Input data Start Marker

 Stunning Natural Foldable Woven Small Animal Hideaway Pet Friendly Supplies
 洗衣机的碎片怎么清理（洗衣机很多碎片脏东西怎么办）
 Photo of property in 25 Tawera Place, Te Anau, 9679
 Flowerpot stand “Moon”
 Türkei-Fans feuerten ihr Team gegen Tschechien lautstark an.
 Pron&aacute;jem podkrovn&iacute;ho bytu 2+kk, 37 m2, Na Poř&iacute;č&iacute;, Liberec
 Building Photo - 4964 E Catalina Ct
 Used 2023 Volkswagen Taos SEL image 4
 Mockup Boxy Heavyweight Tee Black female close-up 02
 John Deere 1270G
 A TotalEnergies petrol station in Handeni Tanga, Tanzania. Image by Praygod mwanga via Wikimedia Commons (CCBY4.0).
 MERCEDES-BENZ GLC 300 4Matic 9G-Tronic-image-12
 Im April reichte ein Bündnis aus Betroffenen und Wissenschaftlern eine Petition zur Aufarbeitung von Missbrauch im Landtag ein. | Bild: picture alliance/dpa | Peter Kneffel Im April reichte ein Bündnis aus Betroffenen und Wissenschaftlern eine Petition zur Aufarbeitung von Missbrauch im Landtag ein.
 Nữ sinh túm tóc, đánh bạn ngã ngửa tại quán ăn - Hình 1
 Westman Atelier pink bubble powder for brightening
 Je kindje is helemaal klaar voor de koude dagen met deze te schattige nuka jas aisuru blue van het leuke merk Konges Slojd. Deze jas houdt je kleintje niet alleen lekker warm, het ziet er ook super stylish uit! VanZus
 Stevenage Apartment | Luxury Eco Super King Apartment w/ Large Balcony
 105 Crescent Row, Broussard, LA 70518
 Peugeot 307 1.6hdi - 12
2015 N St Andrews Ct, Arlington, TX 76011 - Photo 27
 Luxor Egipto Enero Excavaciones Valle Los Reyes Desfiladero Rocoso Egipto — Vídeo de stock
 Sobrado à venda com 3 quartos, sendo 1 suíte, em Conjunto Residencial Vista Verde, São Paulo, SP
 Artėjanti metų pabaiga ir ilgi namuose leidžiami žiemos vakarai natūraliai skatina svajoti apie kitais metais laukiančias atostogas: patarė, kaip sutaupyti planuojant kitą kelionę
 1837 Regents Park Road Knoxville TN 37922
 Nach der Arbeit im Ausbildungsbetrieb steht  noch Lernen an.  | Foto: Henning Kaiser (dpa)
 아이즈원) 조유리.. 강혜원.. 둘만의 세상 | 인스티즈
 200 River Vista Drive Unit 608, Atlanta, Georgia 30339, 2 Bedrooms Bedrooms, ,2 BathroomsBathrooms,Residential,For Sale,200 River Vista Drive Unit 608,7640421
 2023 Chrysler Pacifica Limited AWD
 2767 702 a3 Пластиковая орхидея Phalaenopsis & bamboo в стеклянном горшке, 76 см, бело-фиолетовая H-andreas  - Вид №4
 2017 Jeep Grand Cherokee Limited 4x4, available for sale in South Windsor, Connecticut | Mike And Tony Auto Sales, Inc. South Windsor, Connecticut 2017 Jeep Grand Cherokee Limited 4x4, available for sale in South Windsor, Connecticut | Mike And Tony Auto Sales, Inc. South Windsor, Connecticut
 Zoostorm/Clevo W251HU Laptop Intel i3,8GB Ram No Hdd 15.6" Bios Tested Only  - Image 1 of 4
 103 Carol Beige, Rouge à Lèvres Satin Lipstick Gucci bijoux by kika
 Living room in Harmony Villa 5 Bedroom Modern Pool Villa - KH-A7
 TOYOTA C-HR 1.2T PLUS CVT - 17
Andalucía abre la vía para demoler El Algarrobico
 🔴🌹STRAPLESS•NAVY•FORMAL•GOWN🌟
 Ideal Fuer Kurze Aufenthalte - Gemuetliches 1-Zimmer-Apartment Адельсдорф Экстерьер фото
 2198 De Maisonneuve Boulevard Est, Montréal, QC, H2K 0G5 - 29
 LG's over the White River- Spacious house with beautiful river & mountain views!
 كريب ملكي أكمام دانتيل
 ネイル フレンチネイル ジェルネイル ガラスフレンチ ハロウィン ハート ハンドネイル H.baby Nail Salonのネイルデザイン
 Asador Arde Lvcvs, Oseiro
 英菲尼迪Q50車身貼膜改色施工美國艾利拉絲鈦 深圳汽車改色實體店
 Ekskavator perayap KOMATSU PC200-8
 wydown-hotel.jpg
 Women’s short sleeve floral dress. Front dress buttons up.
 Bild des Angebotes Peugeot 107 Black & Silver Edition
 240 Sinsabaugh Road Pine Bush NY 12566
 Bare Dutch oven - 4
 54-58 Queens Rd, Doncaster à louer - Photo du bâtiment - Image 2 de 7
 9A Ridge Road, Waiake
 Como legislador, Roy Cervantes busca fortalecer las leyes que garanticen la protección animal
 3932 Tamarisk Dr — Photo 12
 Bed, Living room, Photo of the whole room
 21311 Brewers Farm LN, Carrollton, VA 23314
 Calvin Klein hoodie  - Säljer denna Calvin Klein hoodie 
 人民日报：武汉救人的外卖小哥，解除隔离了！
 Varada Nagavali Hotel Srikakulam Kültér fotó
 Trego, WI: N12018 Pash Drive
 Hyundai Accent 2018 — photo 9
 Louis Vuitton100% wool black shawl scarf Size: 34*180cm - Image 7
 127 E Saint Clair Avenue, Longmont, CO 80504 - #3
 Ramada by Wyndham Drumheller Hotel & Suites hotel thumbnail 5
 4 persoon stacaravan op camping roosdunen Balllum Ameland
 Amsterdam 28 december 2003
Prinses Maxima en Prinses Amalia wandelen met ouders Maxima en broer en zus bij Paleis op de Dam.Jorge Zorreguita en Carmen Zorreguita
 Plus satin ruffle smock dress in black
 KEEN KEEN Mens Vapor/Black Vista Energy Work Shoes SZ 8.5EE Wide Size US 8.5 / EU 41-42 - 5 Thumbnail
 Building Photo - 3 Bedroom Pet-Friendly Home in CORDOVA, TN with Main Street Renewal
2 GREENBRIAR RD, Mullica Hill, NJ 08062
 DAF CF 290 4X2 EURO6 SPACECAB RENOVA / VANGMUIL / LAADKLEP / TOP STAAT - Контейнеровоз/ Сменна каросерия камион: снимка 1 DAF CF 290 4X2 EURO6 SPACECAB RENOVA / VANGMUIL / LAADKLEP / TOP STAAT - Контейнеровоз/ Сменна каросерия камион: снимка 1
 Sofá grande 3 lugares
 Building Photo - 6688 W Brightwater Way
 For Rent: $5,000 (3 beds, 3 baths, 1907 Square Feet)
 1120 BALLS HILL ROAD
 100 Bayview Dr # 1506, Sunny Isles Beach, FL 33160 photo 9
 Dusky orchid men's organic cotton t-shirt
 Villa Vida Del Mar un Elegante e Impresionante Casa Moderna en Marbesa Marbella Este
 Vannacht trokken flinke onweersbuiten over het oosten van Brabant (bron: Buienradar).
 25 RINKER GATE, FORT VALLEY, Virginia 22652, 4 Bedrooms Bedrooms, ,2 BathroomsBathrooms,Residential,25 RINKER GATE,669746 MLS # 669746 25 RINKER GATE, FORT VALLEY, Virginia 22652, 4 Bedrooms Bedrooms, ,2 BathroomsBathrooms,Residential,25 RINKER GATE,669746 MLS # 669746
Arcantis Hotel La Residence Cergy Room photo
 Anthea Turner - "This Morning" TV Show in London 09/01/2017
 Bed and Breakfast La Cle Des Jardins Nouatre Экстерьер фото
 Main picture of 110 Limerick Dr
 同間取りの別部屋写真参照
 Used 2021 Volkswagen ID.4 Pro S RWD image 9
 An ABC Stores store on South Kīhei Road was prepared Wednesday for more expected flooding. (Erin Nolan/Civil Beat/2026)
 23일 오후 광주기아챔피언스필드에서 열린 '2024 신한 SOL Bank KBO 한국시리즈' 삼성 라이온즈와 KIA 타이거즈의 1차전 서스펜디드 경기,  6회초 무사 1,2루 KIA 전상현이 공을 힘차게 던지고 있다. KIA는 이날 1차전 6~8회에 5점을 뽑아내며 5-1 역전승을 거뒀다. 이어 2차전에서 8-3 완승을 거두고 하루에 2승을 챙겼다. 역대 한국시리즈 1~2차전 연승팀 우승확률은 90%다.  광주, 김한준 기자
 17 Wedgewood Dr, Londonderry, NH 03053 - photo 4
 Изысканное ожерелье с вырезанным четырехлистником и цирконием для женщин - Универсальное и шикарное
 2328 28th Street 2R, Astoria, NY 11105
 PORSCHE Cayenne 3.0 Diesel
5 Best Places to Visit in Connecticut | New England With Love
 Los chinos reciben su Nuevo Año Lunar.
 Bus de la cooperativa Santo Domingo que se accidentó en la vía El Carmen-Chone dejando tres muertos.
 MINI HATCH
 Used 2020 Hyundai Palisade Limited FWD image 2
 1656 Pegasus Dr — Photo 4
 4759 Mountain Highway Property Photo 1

Input data End Marker

- _The task_
Beginning with the first line of the listing above, please write out every line exactly until you reach the line that contains "Türkei-Fans feuerten ihr", and include that one too.

- _Reply_
 Stunning Natural Foldable Woven Small Animal Hideaway Pet Friendly Supplies
 洗衣机的碎片怎么清理（洗衣机很多碎片脏东西怎么办）
 Photo of property in 25 Tawera Place, Te Anau, 9679
 Flowerpot stand “Moon”
 Türkei-Fans feuerten ihr Team gegen Tschechien lautstark an.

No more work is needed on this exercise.